Francis Ford Coppola is continuing his experimentation with new forms of storytelling with a Kickstarter campaign for an “Apocalypse Now” role-playing video game. The game is being developed by the team behind such games as “Gears Of War,” “Fallout,” and “Battlefield.” As Coppola’s company American Zoetrope stated, the game, described as a “psychological horror,” is “a cinematic narrative with roleplaying game mechanics set in the midst of the Vietnam War. As in the film, players will take on the role of Captain Willard, on a secret mission to assassinate renegade Colonel Kurtz. Throughout the course of the game, players will have the ability to make their own decisions independent of the original narrative.”
Some of the perks for early backers willing to drop a decent amount of money on the project include a surfboard from the film, the opportunity to give feedback to the developers, and even a stay at one of Coppola’s resorts. If you only want to give a little bit, though, you still can get a digital copy of the game for $35. The goal of the campaign is $900,000 and it already has over $50,000 with 29 days to go. In a statement, Coppola noted, “Forty years ago, I set out to make a personal art picture that could hopefully influence generations of viewers for years to come … I’ve been watching video games grow into a meaningful way to tell stories, and I’m excited to explore the possibilities for ‘Apocalypse Now‘ for a new platform and a new generation.”

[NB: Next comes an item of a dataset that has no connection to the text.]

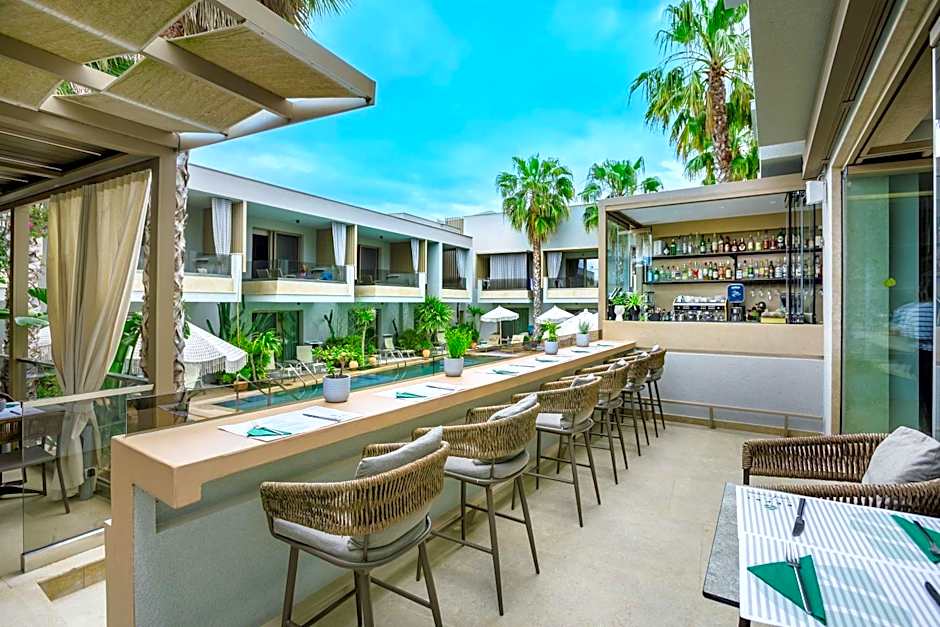 Pefki Deluxe Residences - Adults Only 16plus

Coppola has, of recent, been trying out different approaches to cinema. His last release, “Twixt,” was notable for his live re-editing of the film during screenings, while last year he worked on his “live cinema” project “Distant Visions“ at UCLA. While I’m not sure the world needs an “Apocalypse Now“ video game, I’m interested to see what input, if any, Coppola has on the project and what directions he continues to take as a storyteller. And this isn’t the first time a Coppola film has been turned into a video game: In 2006, “The Godfather” hit various platforms, featuring voice acting from some key cast members (James Caan and Robert Duvall), though there are differing accounts as to how much support Coppola lent the game.